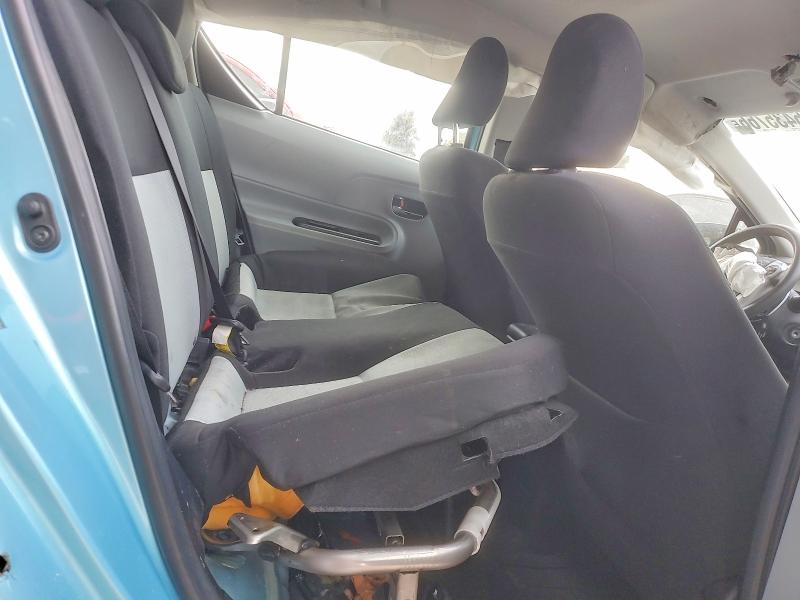 Продажа на аукционе авто 2013 Toyota Prius C, vin: JTDKDTB31D1038956, номер лота: 66435766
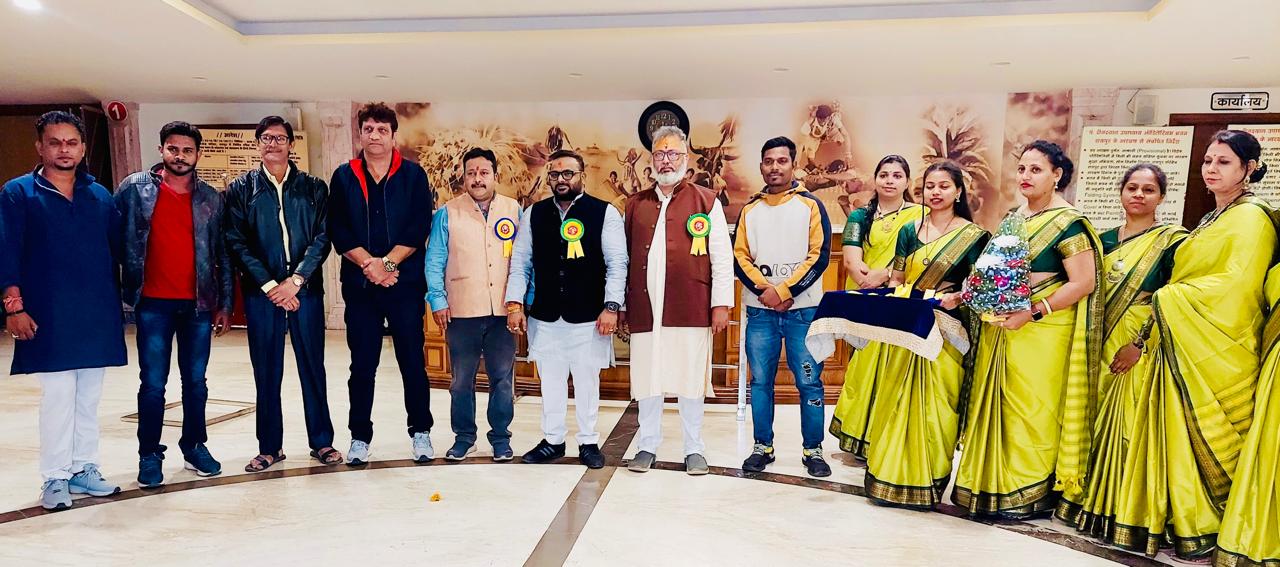 Sushil Sunny Agarwal attended the annual function of Krishna Public School, Director of Krishna Public School Dr. Rakesh Mishra, Archana Mishra, Aparna Tripathi, Shubham Mishra, Madan Mohan Tripathi, Raipur, Chhattisgarh, Khabargali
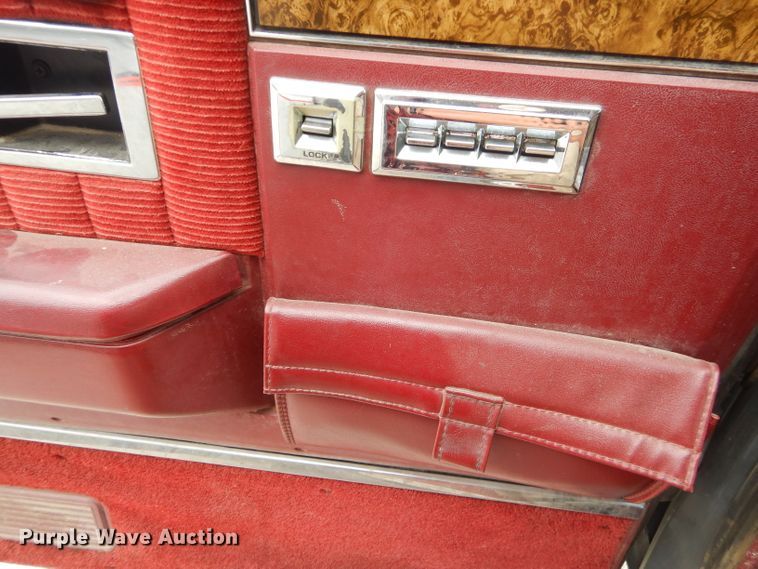 image for item GN9362 1991 Chevrolet Suburban  SUV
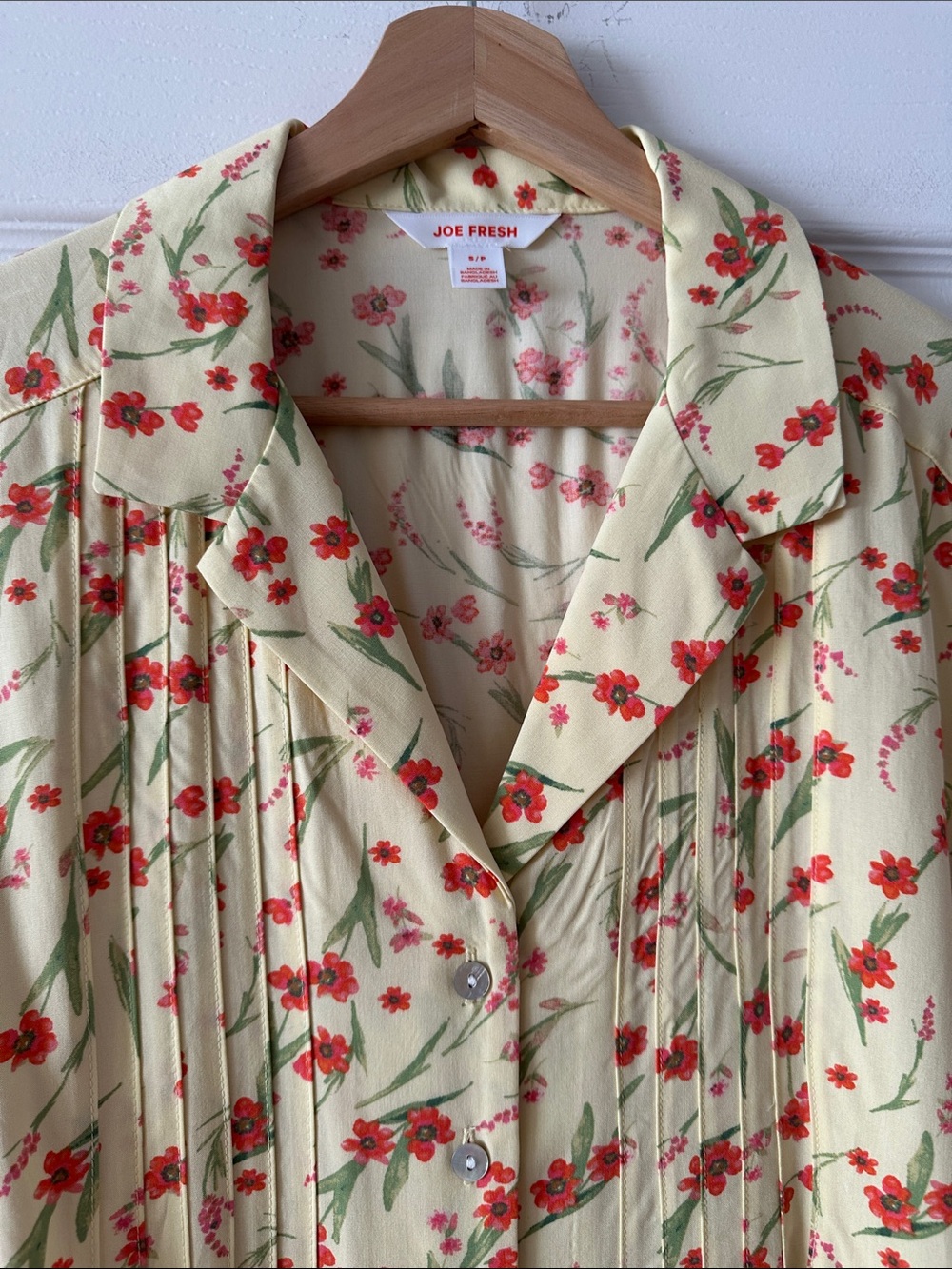 Joe Fresh Yellow Floral Short-Sleeve Crop Button-Down Blouse, Size Small - Picture 3 of 8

*AIM OF THE TASK*:
Write down the full listing above exactly as it is, except for any images.

*RESULT FOR THIS EXERCISE*:
 Продажа на аукционе авто 2013 Toyota Prius C, vin: JTDKDTB31D1038956, номер лота: 66435766
 Sushil Sunny Agarwal attended the annual function of Krishna Public School, Director of Krishna Public School Dr. Rakesh Mishra, Archana Mishra, Aparna Tripathi, Shubham Mishra, Madan Mohan Tripathi, Raipur, Chhattisgarh, Khabargali
 image for item GN9362 1991 Chevrolet Suburban  SUV
 Joe Fresh Yellow Floral Short-Sleeve Crop Button-Down Blouse, Size Small - Picture 3 of 8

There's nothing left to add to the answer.